Не надо думать, что Ушаков – «рабочий поэт», как у нас принято квалифицировать поэтов, занятых рабочей темой. Нет, Ушаков по своей «строчечной сути» интеллигент, но с широким кругом интересов. Загляните только в оглавление его книг, и вы увидите любопытное соседство таких стихов: «Адмирал землечерпалок», «Похищение Афродиты из Музея изящных искусств», «Признаки весны», «Университетская весна».
Это он произнес классическую фразу об умении поэта не только говорить, но и терпеливо молчать: «Чем продолжительней молчанье, тем удивительнее речь». Этот мудрый афоризм следовало бы вывесить над своим рабочим столом каждому поэту, особенно молодому с его естественной страстью к писанию. Поэтов часто упрекают за то, что они молчат. К сожалению, бывает не за что похвалить и тогда, когда они много пишут.

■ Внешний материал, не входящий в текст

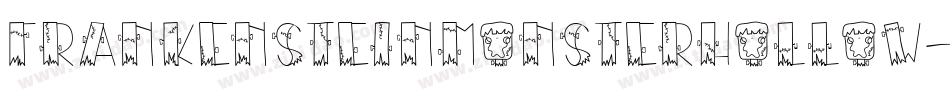 FrankensteinMonsterHollow-pv2Z字体转换
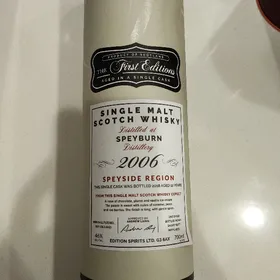 First Editions Speyburn 2006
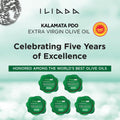 Iliada Kalamata PDO Extra Virgin Olive Oil, 3Lt | Multi-Awarded | Single Region 100% Greek | Monovarietal Koroneiki | Cold Press | Polyphenol Rich | Chef's Favorite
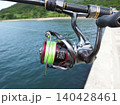 趣味の釣りで使用するスピニングリールとロッド 趣味の釣りで使用するスピニングリールとロッド 140428461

Однажды, получив стихотворение Николая Николаевича «Новая весна», в редакции журнала «Молодая гвардия» вспоминали, что его первое, напечатанное журналом в 1928 году стихотворение было посвящено тоже весне и называлось «Ледоход». Найдя тот номер, мы прочли буйные строки:
…У льдов и воронок
глухая игра.
Взлетают вороны
и бродят ветра.
Как верен себе этот поэт! Иные на всю жизнь задают себе молодеческий тон, а между тем у каждого возраста есть свои достоинства. Буйство молодости сменяется зрелостью мысли, мягкостью красок, как мы это видим в поздней весне Ушакова.
Вое осторожней наблюдаешь
за солнышком в голубизне,
весну с тревогой ожидаешь
и так завидуешь весне —
и этим мальчикам зеленым
с их бедной рифмой корневой,
и этим девочкам влюбленным
с практической их головой,
и этим зданиям высотным,
еще не знающим жары,
и этим прутикам, свободным
от прошлогодней мишуры!
Этому стихотворению поэт предпослал эпиграф из Фета: «В эфире песнь дрожит и тает, на глыбе зеленеет рожь, и голос нежный напевает: «Еще весну переживешь!» С особым поворотом мысли эпиграф вошел в конец стихотворения:
И вновь таинственно и нежно
на глыбе
голубеет рожь,
и в сердце тихая надежда
еще весну
переживешь!
В чем здесь особость мысли против фетовской? На первый взгляд в итоге она одна и та же: «еще весну переживешь!». Но первая половина стихотворения подготовила иной, более глубокий и активный поворот мысли. Смысловая нагрузка подготовки поворота пала на строчки: «и этим прутикам, свободным от прошлогодней мишуры». Здесь подмечено такое состояние природы, когда она, не считаясь с тем, что было сделано ею в минувшем году, готова работать заново: раскрывать на прутиках почки, украшать прутики новыми листьями и новыми плодами.
В том и разница, что концовка Фета звучит со стороны как предопределение судьбы, а у Николая Ушакова надежда пережить еще одну весну родилась с готовностью начать новый круг творчества. По существу, зеленые мальчики «с их бедной рифмой корневой» – те же прутики, вызывающие добрую зависть маститого поэта, отчего стихи становятся по-своему молодыми. Они как бы говорят: «Я еще с вами!» И нам радостно, что поэт Николай Ушаков с нами.